As far as prospective tenants go, John says that the company probably has two square feet of prospects for every one square foot of space they have.
“We have letters of intent out on 40,000 square feet right now, and prospects for at least a couple hundred thousand square feet.”
With tenants already that include the Tribune, IK Gymnastics, Goldfish Swim School, Lil’ Kickers, All Style, and Warner Bros. (If you’re a huge Mortal Kombat fan like I am, you’d want to live in that place!), there’s space for almost anything you can think of. Although most of the tenants are geared towards grammar-school children and high-school teenagers, a fitness center will likely be put in the building for the adults.
“Understand that this is a mixed-used project,” John said. “So here you have your recreational users, some office users and in the front you have the multi- story office building. Those types of users would want an amenity like a fitness center.”
The Hansen brothers said diversifying the tenant mix was planned.
“If you go onto LoopNet or CoStar, and search the market we are in if you’re looking for a single-story space with parking, the only thing you’re going to find are properties on Goose Island that are 100 percent leased,” John said. “Then you’ll find things all the way out in the O’ Hare market, and between here and there, there is nothing else.”
John added, “So we know our property will pop up in their database searches. Also, other corridors like Clybourn have three times the rent of what we have here. They’re in the thirties on net rent, we are ten net on our single-story space.”
The only thing the Hansen brothers say they are not at the Bradley Center is industrial.
“We take a property that was industrial and convert it into office, recreational, and other commercial uses,” John said. “We have R&D prospects, and even though we have RCN as a tenant next door, I would say half of their space is office at this point and time. They have 130 employees that work out of that location.”
It’s estimated that with all off the tenants that have been leased at the Bradley Center, there are about 600 jobs now within that area. That’s something the Hansen brothers are happy about. Especially Rick who said he was glad to be contributing to a growing community.
Turning nothing into something takes a lot of time, planning, and energy. Yet what makes the Hansen brothers feel the best?
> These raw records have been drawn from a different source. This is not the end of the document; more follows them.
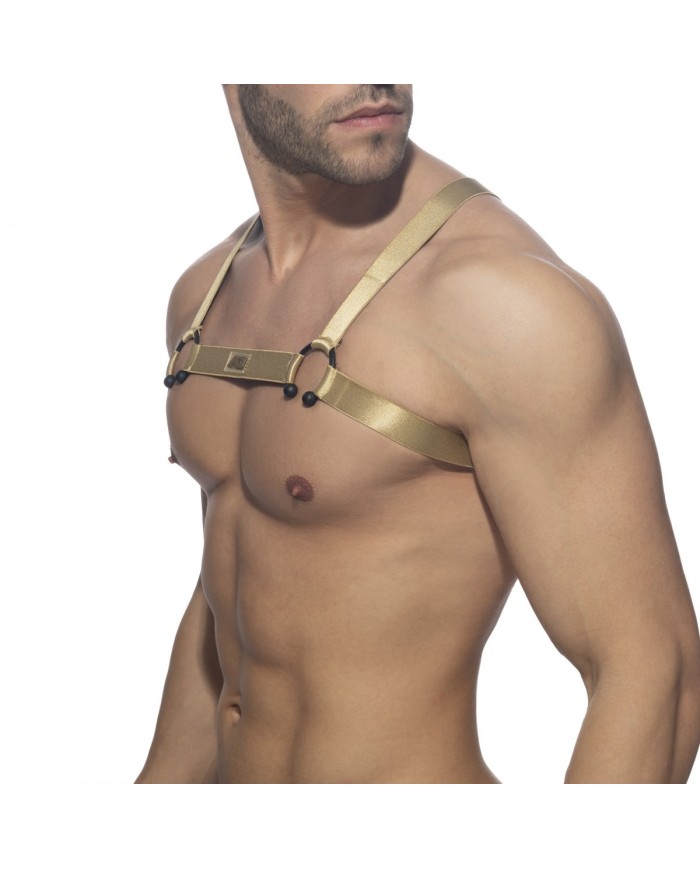 Addicted Bull Ring Harless AD1080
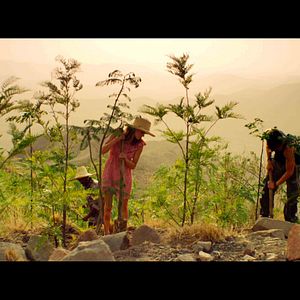 Foto Um Jardim Especial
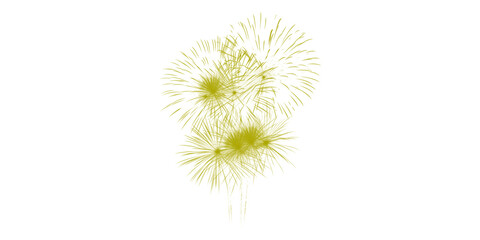 Obraz premium A vibrant yellow firework explodes in the dark night sky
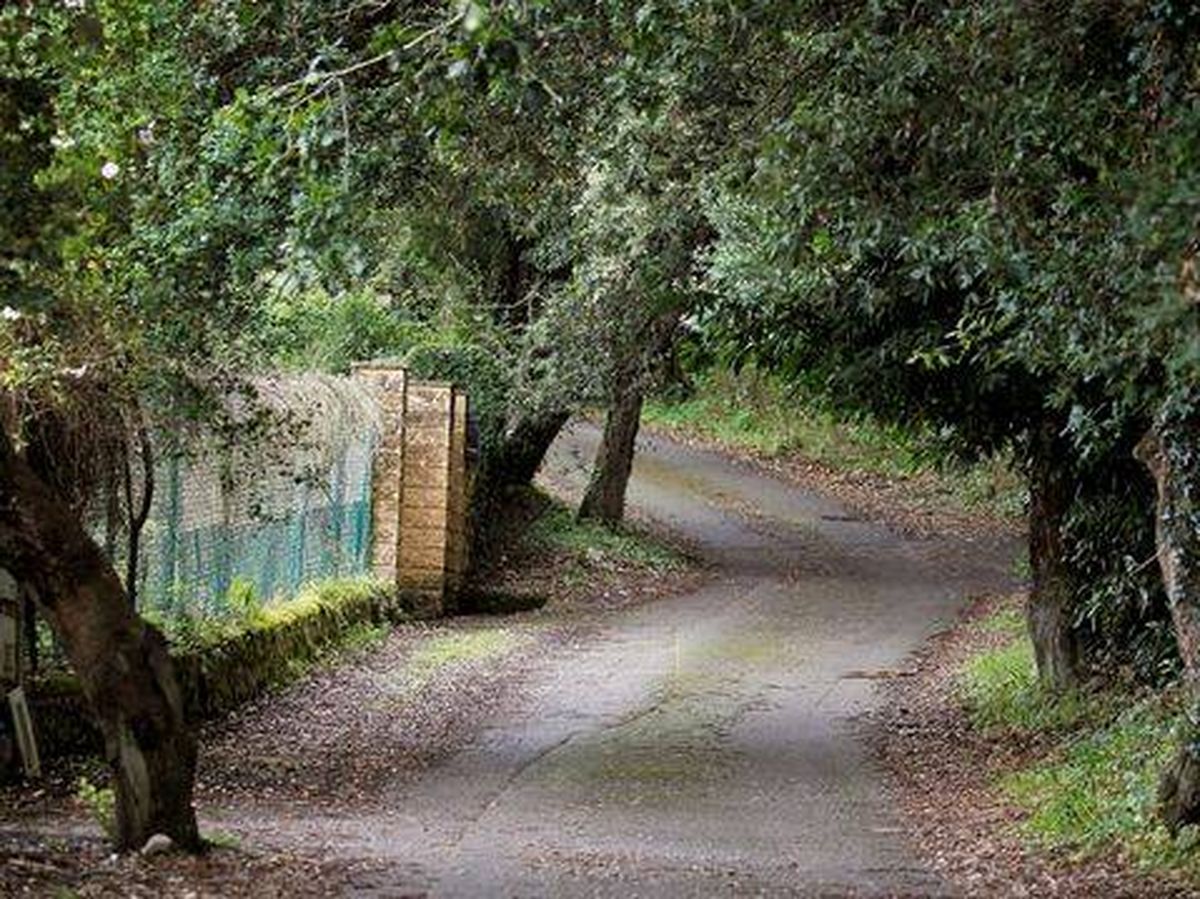 Foto: Ardines se bajó de la furgoneta para quitar una valla en este camino. (EFE)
It’s knowing that they have leased up their buildings. They have five or six other properties that are one hundred percent leased. The Bradley Business Center is their only active project.
Most of the properties that they have owned and developed over the years are along the Kennedy between Downtown and O’Hare. They’re located at Sheffield and Diversey, Wilson and Kennedy, Knox and Kennedy, and at Wood and Webster, where they have recreational users.
Working in a field for over 25 years is nothing short of amazing. It appears as though with everything Hansen Realty has seen, they have gone and conquered. The Hansen brothers are excited to let the world know what they have going on at the Bradley Business Center. With the conference approaching they look forward to seeing people, and discussing the re-use possibilities for the property, while showcasing a vision that is sure to ignite inspiration for anyone who cannot see the possibilities.